Since 2001, the Canadian has played with his band The Hidden Cameras. In the churches of Toronto he staged the most legendary nights of the city. Male gogo dancers offered a performative space for overturning normative categories, questioning religion, and celebrating sexuality. Gibb shaped Toronto’s music scene at a time when it was practically nonexistent. He was the first Canadian artist to sign with Rough Trade. In the meantime, Joel Gibb lives in Berlin and has found his place, as songwriter and as artist. On “AGE”, he is no longer concerned with who he is, but rather, with how he came to be.

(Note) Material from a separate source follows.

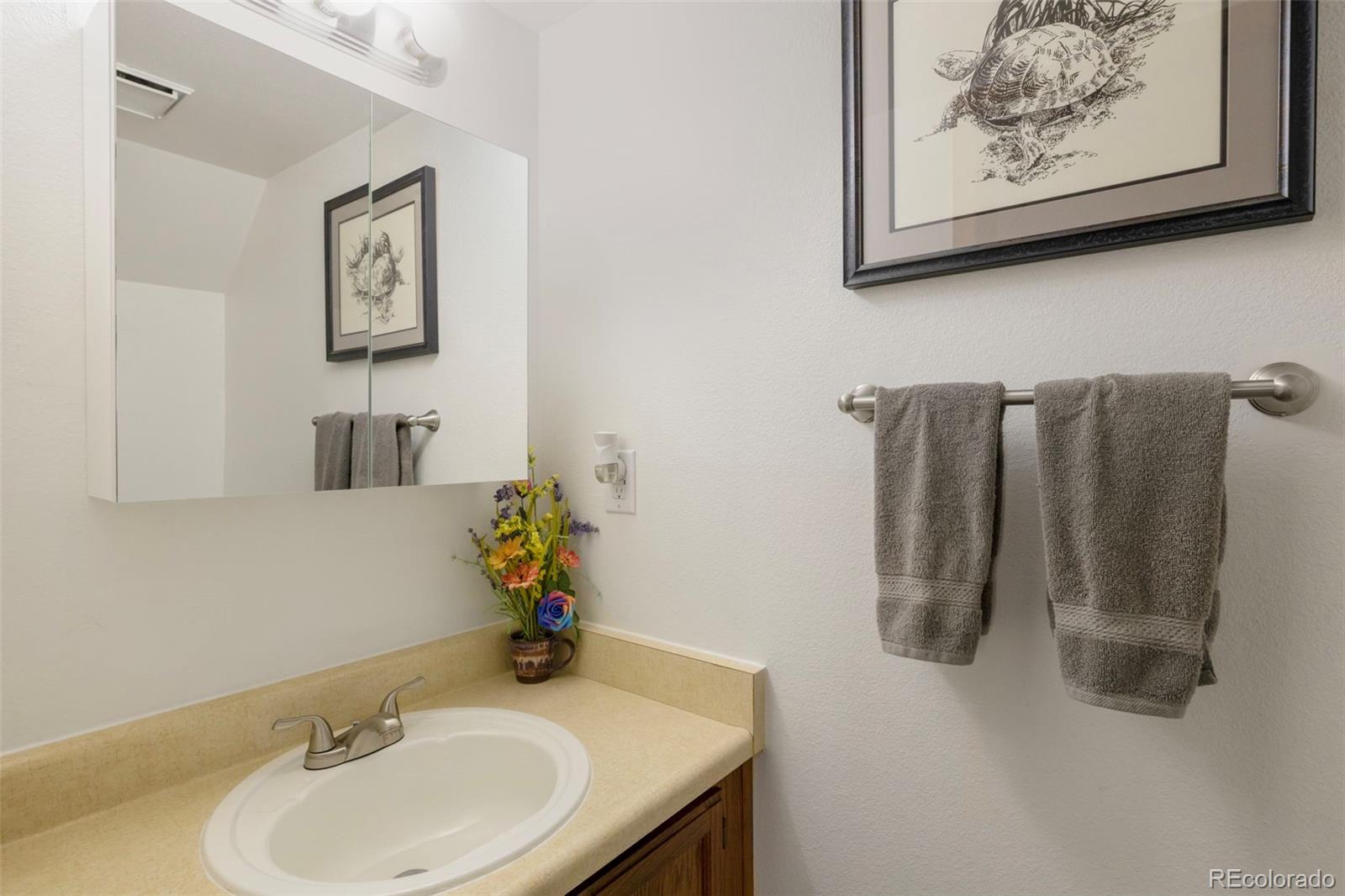 MLS Image #12 for 3112  vail pass drive,colorado springs, Colorado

“’AGE’ deconstructs my musical roots”. There are the faintest references in every piece, almost inaudibly miniature, but they are there. Actually, to understand “AGE”, you have to place your ear to the ground and try to will yourself to hear the growth of the roots beneath its surface while closing your eyes and sifting out all other sounds, including your own heartbeat.
With “Year of the Spawn”, there are trumpets, trombones, a French horn, and behind this thicket, between the ghostly overtones, the ice-cold drum beat of Bauhaus’ “Bela Lugosi’s Dead” flickers throughout the second verse. Chilly Gonzales is on the piano. Joel Gibb works like a graphic artist. He engineers meticulous sound-sculptures and collages whose exactitude stays concealed at first behind an aesthetic of extremely harmonious, yet also dreary, pop music.

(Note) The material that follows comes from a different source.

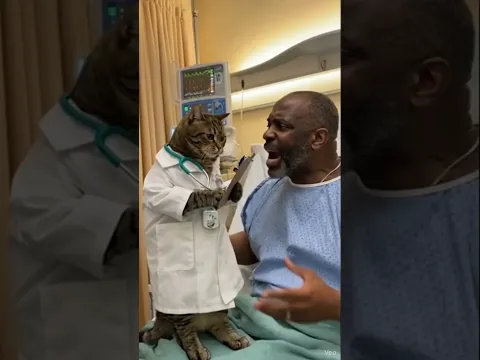 Cat Doctor Confronts Confused Patient #shorts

“Gay Goth Scene”, for example, was originally intended as a joke, as an ironic finger exercise. Now, it sounds sacred like a requiem for forbidden love. The song is already more than ten years old. Gibb wrote it while still living at his mother’s. In Toronto, he even organized Gay Goth Scene shows with friends. Once again, beneath layers of violins and Gibb’s dark baritone, one finds a meta-level that hints toward his childhood. Mary Margaret O’Hara’s voice is also to be heard on the track. The same Mary Margaret O’Hara who can be heard in Morrissey’s “November Spawned a Monster”.
“AGE” is, to a certain extent, Joel Gibb’s coming-of-age album. He retrospectively explores the most diverse shades of age. Age should not only be comprehended in terms of years; its meanings are too multi-layered. Age can mean anything, but above all, age means to assume moral responsibility. It is no coincidence that Bradley Manning’s profile graces the album’s inside cover. We already live in the Bradley Manning age. For Gibb, Manning is one rare man with decency who has acted honorably with regard to his human responsibilities. Gibb presents Manning as an icon, as a queer freedom-fighter.
For Gibb, being a songwriter means writing about what you know and to take on responsibility. Honesty is his supreme maxim. “If I can’t be honest with oneself, what kind of a bad artist will I be?” Age is a manifesto of truth written primarily in F-minor. And F-minor, we all know, is the key of lament and dejection, yet also of longing and a dark, helpless melancholy. Like with Wilde and Baudelaire, it can also be seen with Gibb that behind every flowery aesthetic is a skeptic looking out the window.